A very interesting read about Western assimilation of Eastern Philosophies and bantering of the same. PLEASE READ AND SHARE YOUR THOUGHTS…

“Only believe what you experience on yourself”, said the Buddha 2500 years ago. Indian philosophy and spiritual thought was thus always very down to earth and attempted to define scientifically and logically the different means and ways to reach the goal: “If you do this, this is what will happen; if you breathe in this way, this is what may result; if you practice this particular posture, these are the results you will gain”…

Yet the West is today wary of anything which has a Hindu flavor and is quick to label as “sects” everything that does not spring from the larger conventional family of Christianity. It is true that gurus teaching in the West can be a mixed lot, and some of them might have brought a bad name to Hinduism, but the ordinary Indian meditating every morning, or doing his pujas, practicing his asanas, chanting bhajans, or doing pranayama, does not feel he is doing anything out of the ordinary. There is no sectarism here, no fake mysticism, no pagan obscure rites.

To understand India and Hinduism, one then has to go beyond the clichés of paganism and the accusations of sects that have been applied to Hindus, particularly after the coming of Christian missionaries to India who had a vested motive to show Hinduism in a bad light. It is true that Hindus adore Gods made out of stone or cast in brass. But is it less rational or Cartesian to think, as the Catholics do, that Mary conceived a child while remaining a virgin, or that Christ came back from the dead and ascended physically to heaven (and not in his subtle body, which is more likely)?

Muslim invaders were also immensely shocked by this worshipping of images and gods and set upon destroying hundreds of thousand of temples and idols. But Alexandra David-Neel, the remarkable French explorer, writer and mystic, had noticed that the role that Gods play in India is unique “because the images or statues are like a battery which is charged over the ages by the adoration of the devotees, who in turn can draw energy, inspiration, or grace from these statues”.

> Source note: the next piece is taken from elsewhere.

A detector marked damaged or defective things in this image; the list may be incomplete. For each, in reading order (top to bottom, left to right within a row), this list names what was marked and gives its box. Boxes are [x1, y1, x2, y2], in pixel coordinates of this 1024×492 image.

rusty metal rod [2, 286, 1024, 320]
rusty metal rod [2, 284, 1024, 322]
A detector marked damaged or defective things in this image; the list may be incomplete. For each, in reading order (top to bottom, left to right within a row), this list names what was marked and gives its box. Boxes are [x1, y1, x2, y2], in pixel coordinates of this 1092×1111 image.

She goes on: “As a battery, the energy in the statue will not get discharged, as long as the faithful continue worship it by their cult and adoration”. And she concludes: “Gods are thus created by the energy given out by the faith in their existence”.

At any rate, Hindus are great rationalists: they have discovered for instance that the sound Aum, “Amen” for the Christians, possesses very strong vibrations which take you to the deepest level and that the Creator is the Original Verb: Shabda Brahman; that the ragas, these few notes of music on which one can improve indefinitely, have also a strong inner power; or that the breath is the physical conduit to the Divine, which they have codified into pranayama, the Indian science of breathing. Sri Sri Ravi Shankar has today shown that breath has no religion and can be practiced by anybody.

But nothing, without any doubt, is more scientific, more logical, more Cartesian, more noble and prophetic than the Vedas, the most ancient and sacred Scriptures of Hinduism, which are nearly totally ignored in the West and misunderstood in India.